DATA EXTRACT
++++++++++

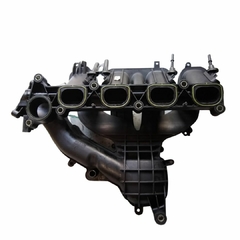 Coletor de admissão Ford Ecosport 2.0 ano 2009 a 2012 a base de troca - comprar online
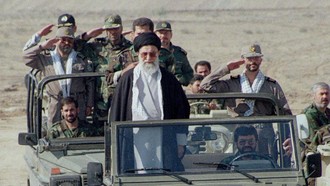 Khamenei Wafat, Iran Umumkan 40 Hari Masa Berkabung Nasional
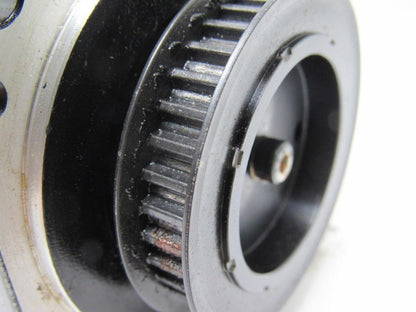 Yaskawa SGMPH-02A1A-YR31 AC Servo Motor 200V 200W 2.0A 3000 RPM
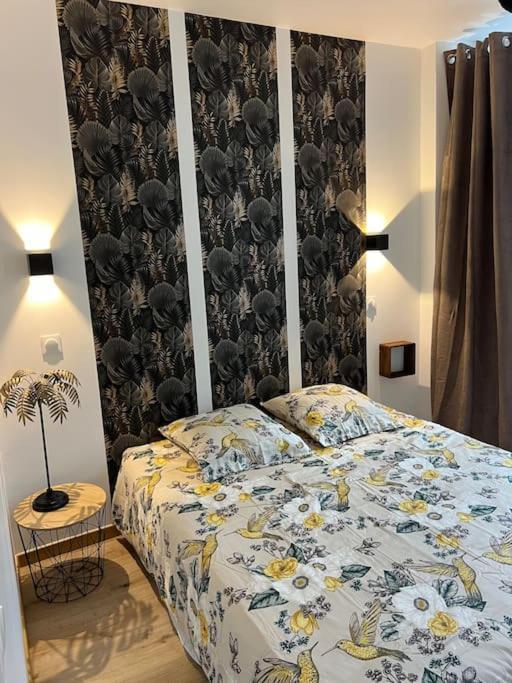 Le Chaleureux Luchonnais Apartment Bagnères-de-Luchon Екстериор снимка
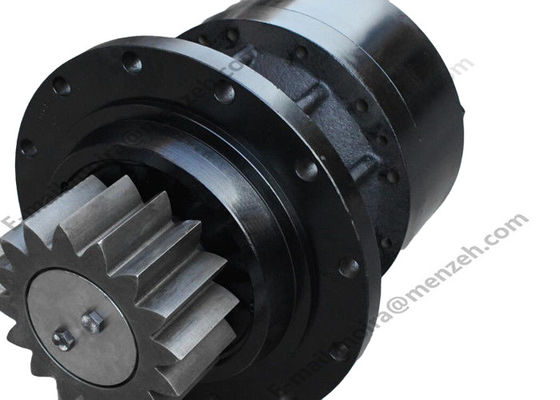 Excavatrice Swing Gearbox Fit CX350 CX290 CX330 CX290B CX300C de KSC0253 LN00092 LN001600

++++++++++

INSTRUCTIONS FOR THE TASK
All lines from the one bearing "Le Chaleureux Luchonnais" through the last line of the records, and only those, should be duplicated exactly; no picture belongs in the copy.

RESULT OF THIS EXERCISE
 Le Chaleureux Luchonnais Apartment Bagnères-de-Luchon Екстериор снимка
 Excavatrice Swing Gearbox Fit CX350 CX290 CX330 CX290B CX300C de KSC0253 LN00092 LN001600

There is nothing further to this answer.